Work item » All lines after the one containing "Charles Antoine Lemaire", together with that line itself, should be written out exactly, down to the last line of the entries below.

━━━━━ Data records ━━━━━

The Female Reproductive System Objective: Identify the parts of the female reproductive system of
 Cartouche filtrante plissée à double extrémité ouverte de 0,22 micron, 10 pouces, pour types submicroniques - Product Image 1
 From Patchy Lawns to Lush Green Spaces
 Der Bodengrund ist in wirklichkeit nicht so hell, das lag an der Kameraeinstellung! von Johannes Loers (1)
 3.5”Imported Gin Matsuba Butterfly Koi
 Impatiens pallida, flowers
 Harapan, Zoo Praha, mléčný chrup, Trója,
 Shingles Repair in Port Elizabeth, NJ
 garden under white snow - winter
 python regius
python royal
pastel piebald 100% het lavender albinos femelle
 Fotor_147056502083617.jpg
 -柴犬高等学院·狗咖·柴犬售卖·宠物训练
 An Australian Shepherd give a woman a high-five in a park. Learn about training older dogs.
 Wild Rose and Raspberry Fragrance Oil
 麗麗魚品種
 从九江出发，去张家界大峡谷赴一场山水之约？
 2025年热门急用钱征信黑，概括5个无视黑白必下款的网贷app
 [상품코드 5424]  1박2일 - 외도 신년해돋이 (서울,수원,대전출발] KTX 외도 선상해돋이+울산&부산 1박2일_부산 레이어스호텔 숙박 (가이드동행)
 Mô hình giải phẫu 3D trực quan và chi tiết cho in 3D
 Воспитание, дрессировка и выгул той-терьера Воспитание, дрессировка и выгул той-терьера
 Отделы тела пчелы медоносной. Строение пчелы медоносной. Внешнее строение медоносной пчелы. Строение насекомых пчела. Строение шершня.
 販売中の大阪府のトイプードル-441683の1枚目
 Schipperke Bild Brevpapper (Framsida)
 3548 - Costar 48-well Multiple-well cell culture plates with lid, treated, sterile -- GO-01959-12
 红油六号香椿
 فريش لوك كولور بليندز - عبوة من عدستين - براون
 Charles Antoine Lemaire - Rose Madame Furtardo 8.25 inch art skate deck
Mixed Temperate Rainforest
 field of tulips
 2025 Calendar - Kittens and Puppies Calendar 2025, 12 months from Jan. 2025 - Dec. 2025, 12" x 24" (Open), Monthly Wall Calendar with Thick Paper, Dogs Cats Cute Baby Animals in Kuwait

━━━━━

Solution to the exercise »
 Charles Antoine Lemaire - Rose Madame Furtardo 8.25 inch art skate deck
Mixed Temperate Rainforest
 field of tulips
 2025 Calendar - Kittens and Puppies Calendar 2025, 12 months from Jan. 2025 - Dec. 2025, 12" x 24" (Open), Monthly Wall Calendar with Thick Paper, Dogs Cats Cute Baby Animals in Kuwait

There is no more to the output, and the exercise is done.